自由な個が作り出す全体のユーフォリアに向けて ー Wake Up, Girls! FINAL LIVE「想い出のパレード」を前に見下ろす無粋なる論考

 2月24日WUGファイナルツアー千秋楽日、仙台昼夜公演に参加した。昼公演のアンコールMCでは、メンバーから残り1回という現実に心定まらぬ思いが吐露されていた。だから夜公演ではどんな悲しみの感情が溢れ出ることになるのだろうと、ハラハラする思いで迎えたのだが、しかし、最後だからこそ全身全霊をぶつけたWUGちゃんたちのパフォーマンスと、それに応えるワグナーの声援によって、これ以上ないほど熱く楽しく清々しいツアーラストになった。これで恐れることなく3月8日SSAでのファイナルステージ「想い出のパレード」へ向かえると、仙台サンプラザホールを後にしながら、そう強く思った。

 

 そしてこのまま振り返らずに、まっすぐSSAへ向かうのもよいだろう。いや、きっとそのほうがいい。分かっている。

 

 だがSSAを迎える前に、ツアーを通じて見たものを言語化しておく必要も私の中にある。それはツアー全体の空気を全身に浴びてきたままの言葉ではなく、俯瞰した視点からのものだ。それは文字通り「上から目線」であり、内側にいる者にとっては極めて無粋で、人によっては非常に不愉快なものになる。
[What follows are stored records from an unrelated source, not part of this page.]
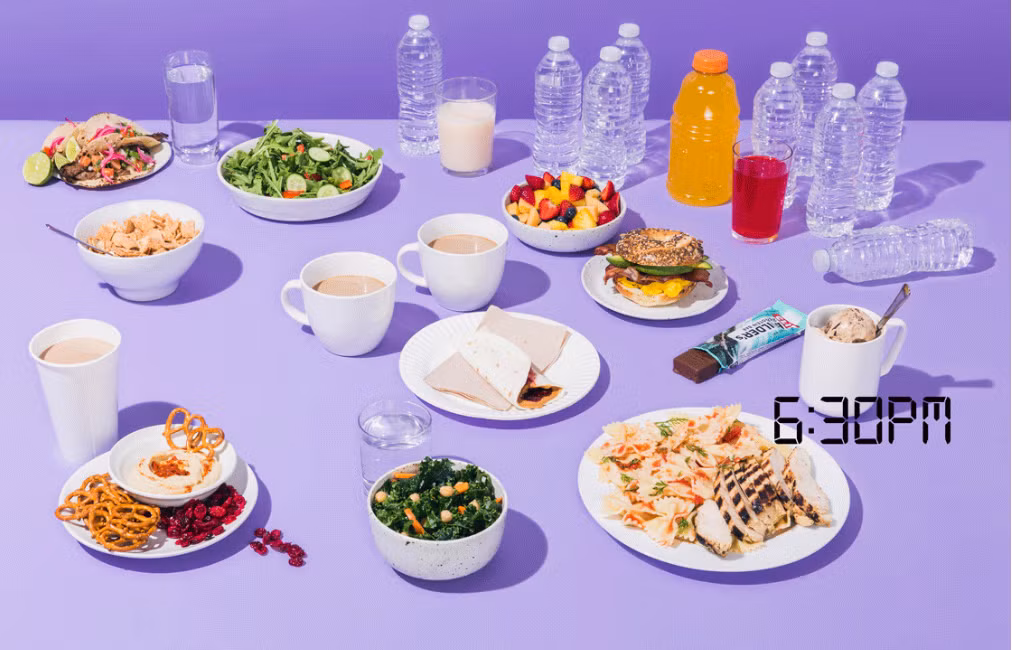 6:30 tối là thời gian dành cho bữa tối, thực đơn gồm có salad cải xoăn kèm các loại rau cùng một bát mì spagheti kèm 2 ức gà và khoảng 500ml nước. Món tráng miệng là kem. 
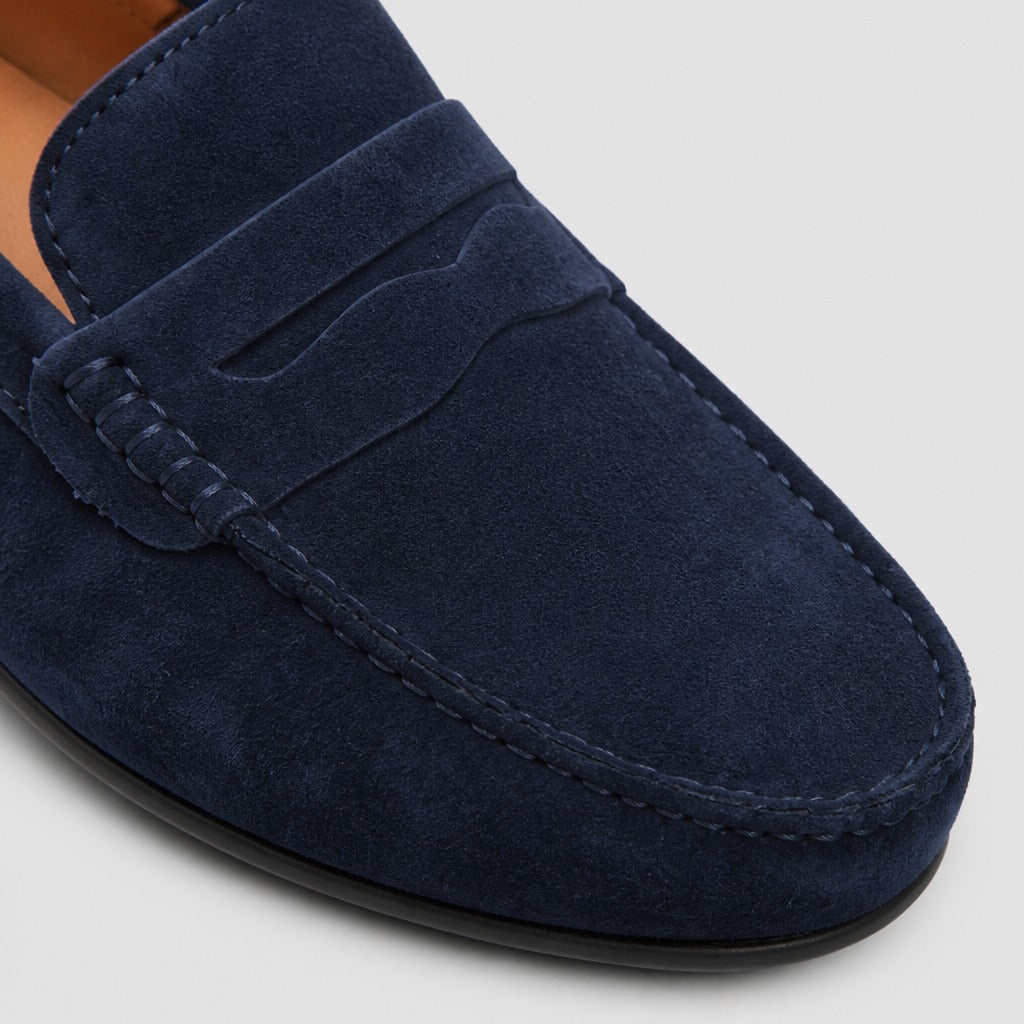 Men’s Cow Suede Loafers with Latex Insole detail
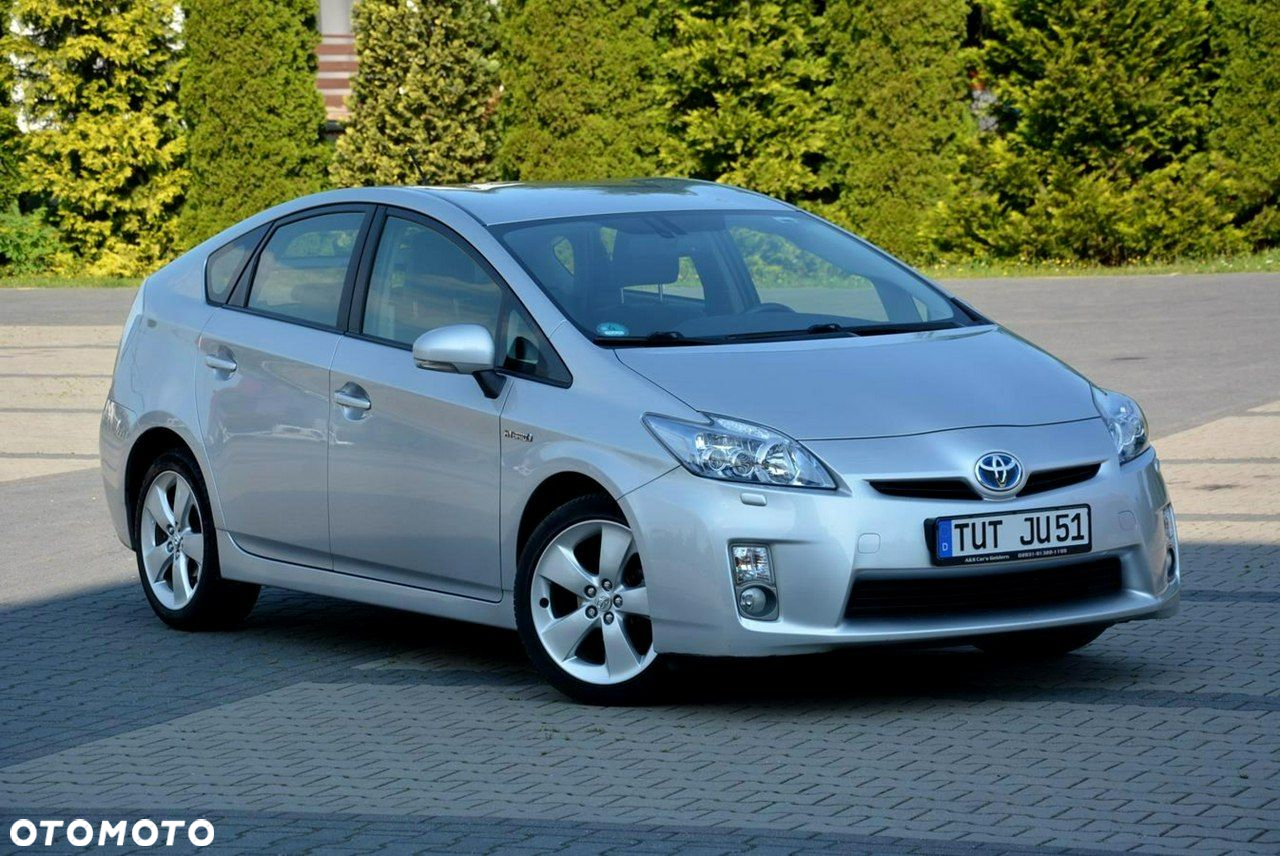 Toyota Prius 1.8 HSD Sol - 10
しかしSSAを前に、やはり自分が今いる状況が何なのかを、見下ろして確かめたいのである。

 なので、ストレートな共感を求めてこのブログ記事を開いたワグナー諸氏には、読み進めることをあまりお勧めない。更にいつも以上に長くなる。しかも前置きが馬鹿みたいに長い。そのことも先にお断りしておく。

 

 

 ドイツのハイデルベルクに留学時代のある晴れた夏休みの日、ネッカー川を挟んだ街の対岸からオーデンヴァルト(オーデンの森)のハイキング路を登った。行き先は決まっていた。これは一つの試みだったので、実は答えも予測していた。小一時間、木々の香りに満ちた空気を吸いつつ、汗を拭いながら、ただ無心に登り続ける。そして辿り着いた場所に広がる景色に、私は予測どおり圧倒される感覚を覚えた。そこに広がるのは古代ギリシャの円形競技場の如き野外アリーナである。しかしこれは古代ギリシャやローマの遺跡ではない。たかだか80年前のナチ時代に造られた代物だ。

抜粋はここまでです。